Universal Modeling Method: The Instrument for Centrifugal Compressor Gas Dynamic Design

Abstract

Similarity theory principles are widely applied in gas dynamic design. But completely new solutions must be realized on a base of engineering approaches to predict performances. The heart of the Universal modeling engineering method is the physical model that is based on flow visualization and measurements inside rotating impellers. The math model is a sum of algebraic equations for calculation of head losses. Normalized velocity gradients along and normal to blade surfaces are arguments. Empirical coefficients values are established in a course of the identification — calculated performances are compared with the measured ones for several dozens of model stages tests with wide range of design parameters. The 4th version of the TU SPb modeling method (the set of the several computer programs) was applied in design practice in 1993–2010. Some Russian and foreign manufacturers realized several dozens of designed compressors with power up to 25 MW. The level of design point parameters prediction was so satisfactory that the manufacturers do not prove designs by model tests anymore.

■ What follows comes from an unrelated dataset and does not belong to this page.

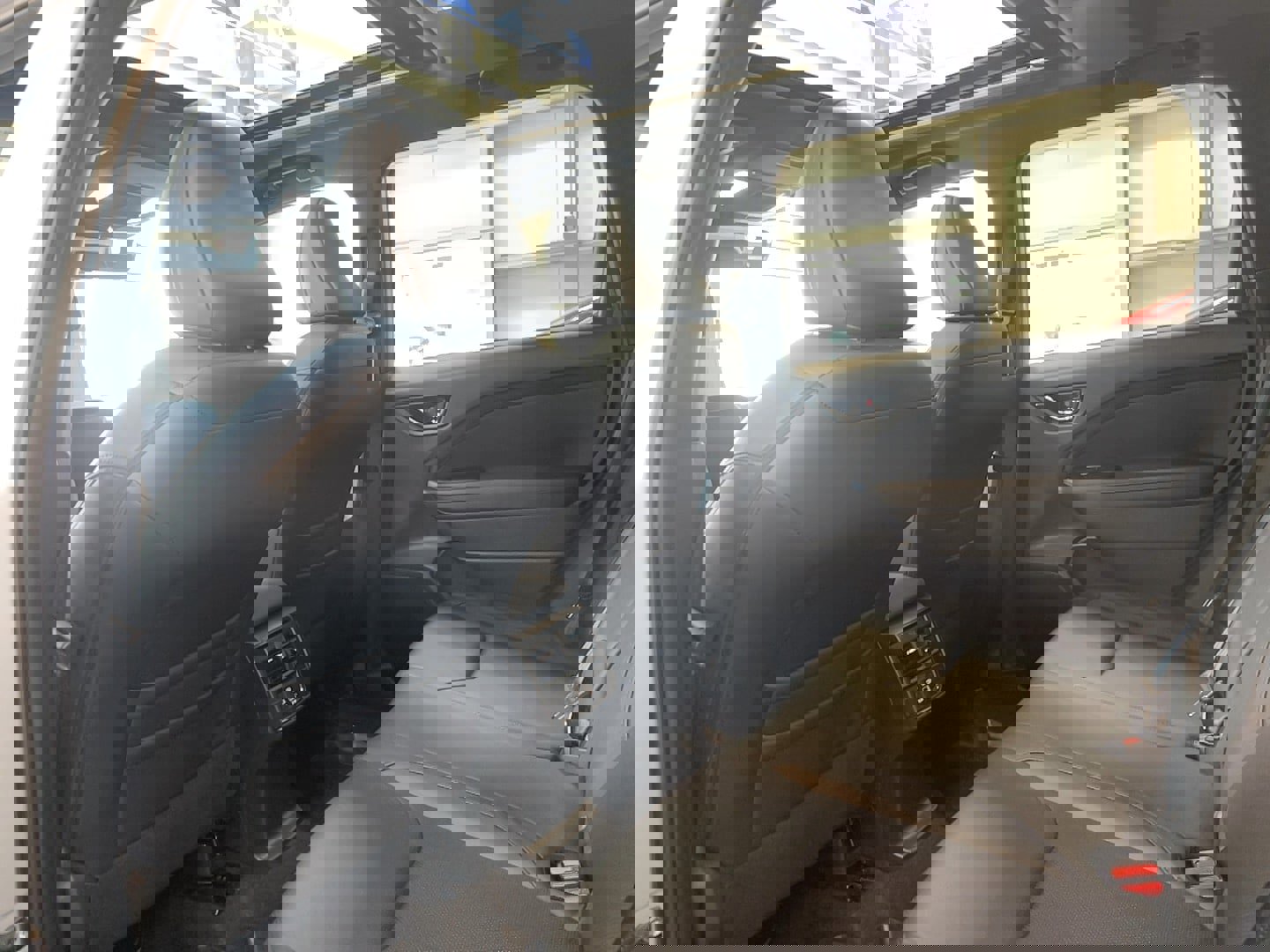 Used 2025 Subaru Forester Limited image 5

The whole performance prediction was not so good. The other difficulty — to predict design point efficiency with accuracy about 0.5% the very careful choice of empirical coefficients is necessary. The difficulties have been overcome in the new 5th and 6th versions. Most effective multistage compressors plant test performances were modeled successfully by 5th version program with the single set of empirical coefficients. Calculated performances and geometry of several dozens of stages of these compressors can be are applied in designs as usual model stages. The current designs are executed by the 5th and 6th version computer programs. The single stage 32 MW pipe line compressor was recently designed for the Ukrainian partner who offered high-RPM drive and favorable single-stage scheme. The test of the model at the 1:2 scale validated project parameters. Design pressure ratio and efficiency curves have matched completely. The predicted maximum efficiency 90% was proven.